On 1 September 1939, the Germans bombed Wierzbnik-Starachowice (it had munitions factories). Many residents fled to nearby villages, and on 9 September the town fell to the Germans. Abuse of the Jews predictably began almost immediately:

"In September 1939, on the eve of Yom Kippur, the Germans broke into the synagogue and while beating the Jews forced them out to the street. Some worshippers were pulled by their beards, and the group of Amishov Hasidim, who prayed in their own shtibel [prayer house] were singled out for special cruelty. After this, the synagogue was set ablaze."

Ironically, the Jewish population if the town increased during this period as refugees from Łódź and Pomerania in Western Poland arrived in Wierzbnik-Starachowice. By February, the number of Jews in Wierzbnik-Starachowice had grown to 3,156 and in May 1941 to some 3,600.

The Jews of Wierzbnik-Starachowice were put in a ghetto on 2 April 1940. Two and a half years later, they were taken away in a great aktzia [deportation]. On 27 October 1942, the 4,000 Jews in the ghetto were herded to the market square. Some 2,000 men fit for work were separated during the 'selection,' and sent to local work camps. The remaining 2,000 Jews, mostly women, children and the elderly, were transported to the death camp Treblinka.

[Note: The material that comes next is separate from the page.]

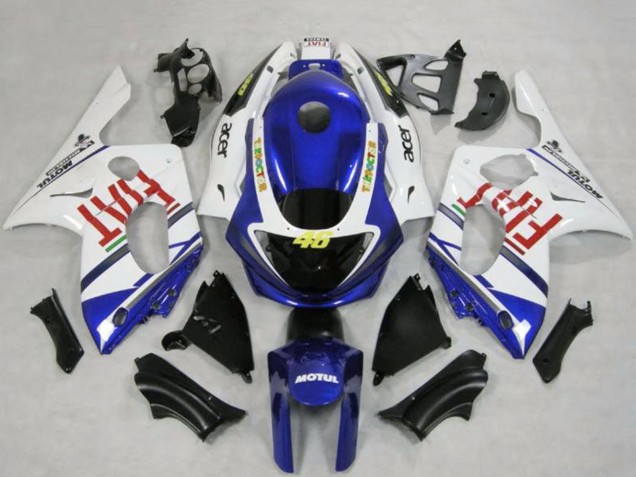 Carenados Moto Yamaha YZF600R Thundercat 1996-2007 - Blanco Azul Fiat Motul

Work camps were established near the munitions factories in Wierzbnik-Starachowice. There were more than 3,000 workers, including most of the Jews pulled from the ghetto for forced labor. One of the camps was in operation until June 1943, and the other until July 1944.

In March 1943, 140 Jews who could no longer work were murdered in the Starachowice camp. A large 'selection' took place at the end of the summer of 1943 after which more than 100 sick Jews were murdered in the adjacent forest. In July 1944, with the advance of the Red Army to the area, the Germans abandoned the camps. At the time of the evacuation, the prisoners rebelled, and 100 succeeded in fleeing to the forests. The Germans chased after them and many of the escapees were captured and killed.

At the end of the war, a few of the survivors returned to Starachowice. In May 1945, Polish members of the anti-Semitic Krayova Army broke into the house of Leibush Brodbeker, and murdered him and several members of his family and beat other Jews. In the wake of these events, the last Jews left the town and moved to Łódź.